Monday, Apr. 14, 1952

More Bounce

Alfred N. (for Nu*) Steele is a 51-year-old executive who keeps a bottle on his desk and takes frequent swigs from it, even when he has visitors in his office. The bottle contains Pepsi-Cola, the drink that Steele took over two years ago when Walter Mack was kicked upstairs to chairman (later he left the company). At the time, Pepsi had gone flat: earnings were down 78% from their peak, dividends had been stopped. Since then, President Steele has proved that he has plenty of bounce to every ounce of his 208 Ibs. Last week he reported that in 1951 Pepsi-Cola Co. grossed $47,000,000 and more than doubled its net to $2.6 million (45-c- a share). This year's earnings, he added, should be still higher--and President Steele thinks that dividends may be resumed later this year.

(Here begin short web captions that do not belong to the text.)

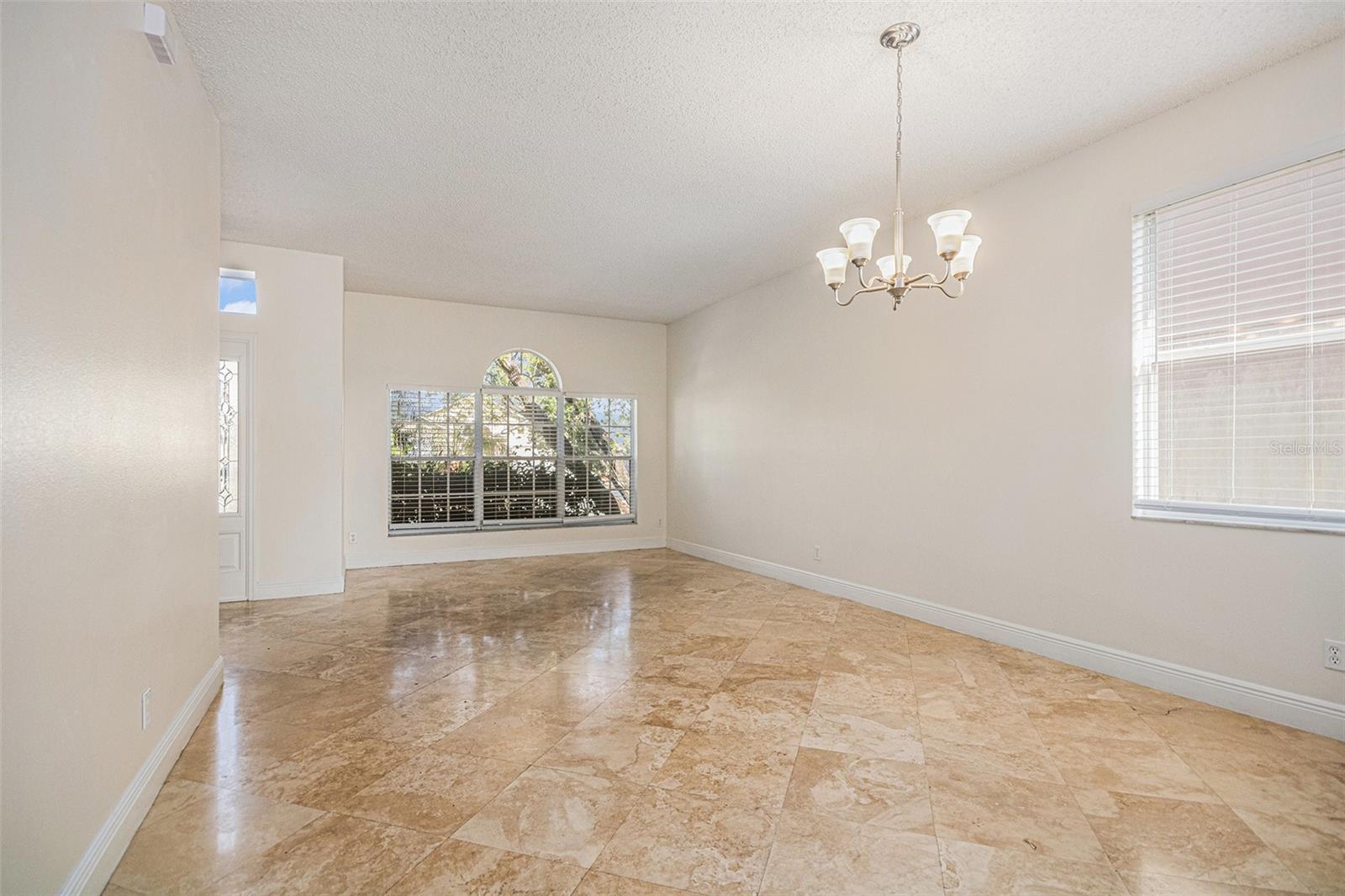 FALCON TRACE - Residential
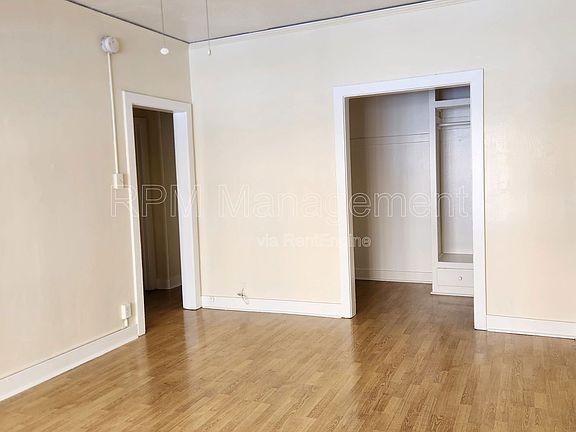 2nd image of 1825 N Ivar Ave #209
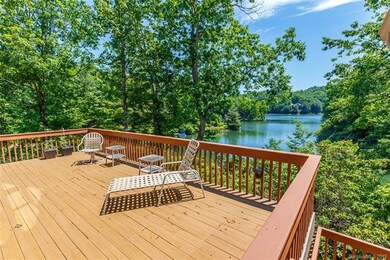 Large Open Deck to enjoy the views!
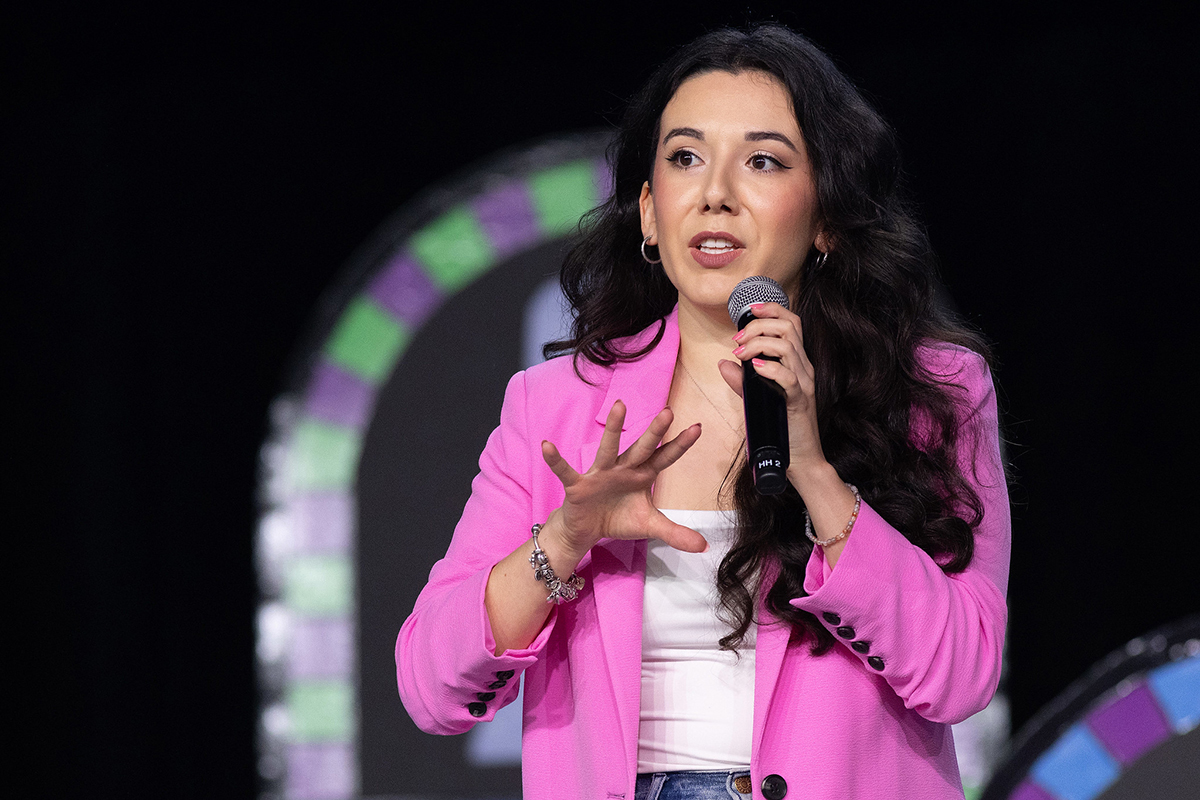 Alejandra Salemi, de la Conférence de Floride, participe au Discours des jeunes lors de la Conférence Générale Méthodiste Unie à Charlotte, en Caroline du Nord, le 24 avril. Elle a déclaré aux participants que la jeune génération ressentait le poids des traumatismes émotionnels, mentaux et spirituels liés à la séparation et à la désaffiliation. Photo par Mike DuBose, UM News.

Crystal Balls. A veteran adman and onetime vice president in charge of sales at Coca-Cola, Steele knew what was wrong with Pepsi when he took over. The accounting system was so slipshod that management did not even know the production figures of some of its biggest bottlers, or the breakdown of its costs. Says Steele: "They were operating by gazing into a crystal ball." Steele brought in a bunch of old Coca-Cola hands, set up a detailed method of cost accounting. He slashed costs by eliminating executive bonuses (he incorporated his own in his $96,000-a-year salary), whacking out dead wood, liquidating expensive sales con tracts, and cutting out the company's scholarships and art contests. He also lopped off a bottle-cap factory and a Cuban sugar plantation, because "our business is selling Pepsi." Steele won favor with bottlers with a new national ad campaign, including Faye Emerson on TV. As her neckline plunged, sales soared.

He split the cost with bottlers on their local advertising, helped them buy more trucks and bottles to fill the peak hot weather sales. He bought and revamped 17 bottling plants at a cost of $13 million, sold some of them to new bottlers, added more flavoring to his drink. To keep Pepsi uniform in all its 487 U.S.

bottling plants, he sent out mobile testing laboratories.

Movie Houses. The old management had frowned on selling Pepsi in vending machines; under Steele, 42,000 were add ed in 1951 alone. As a vice president at Coca-Cola, Steele had pushed Coke in movie houses. Now, he persuaded some of his old friends such as National Theaters Corp.'s Charles P. Skouras to put in Pepsi instead. Abroad, Steele moved into five new countries, bringing Pepsi's foreign markets to 44, and got some important people to push his product. (The Cairo bottler, for example, has close Farouk connections.) Pepsi-Cola's sales are still only 21% of Coca-Cola's, but Steele is not discouraged by that. Sales are at a rate of 130 million cases a year now, up 40% since Steele took over. Al Steele's goal is to double the figure.

*After his father's college fraternity, Sigma Nu.